Studio album by How to Swim
- Released: 2006
- Genres: Indie rock, alternative rock, pop
- Label: Electric Honey (2006)
- Producer: Gavin Thomson

How to Swim chronology
| It Stings When I EP (2004) | The Littlest Orgasm (2006) | A Little Orgasm of Disappointment (2008) |

= The Littlest Orgasm =

The Littlest Orgasm is a six-track mini-album by Scottish indie rock band How to Swim.

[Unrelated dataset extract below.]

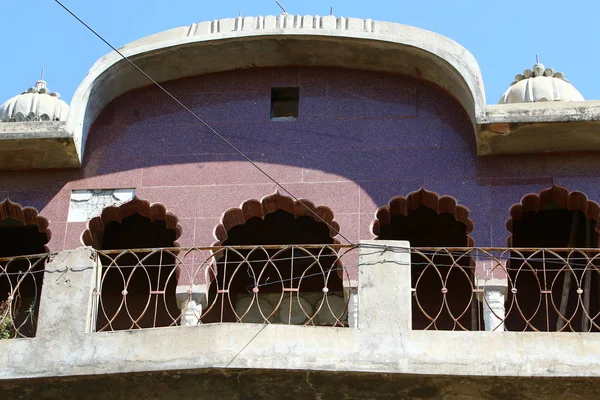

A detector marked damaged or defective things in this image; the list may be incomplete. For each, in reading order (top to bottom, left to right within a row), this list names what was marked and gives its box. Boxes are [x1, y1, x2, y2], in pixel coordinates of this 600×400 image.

A reduced version of a planned longer album (to be titled A Little Orgasm of Disappointment), the mini-album was distributed by Stow College’s Electric Honey label and released in the Summer of 2006.

The record was recorded by Gavin Thomson at Berkeley 2 in Glasgow during September 2005 with additional overdubs added in the following months.

A music video was produced for the track "When The Rain Comes" by BAFTA-winning filmmaker Jamie Stone.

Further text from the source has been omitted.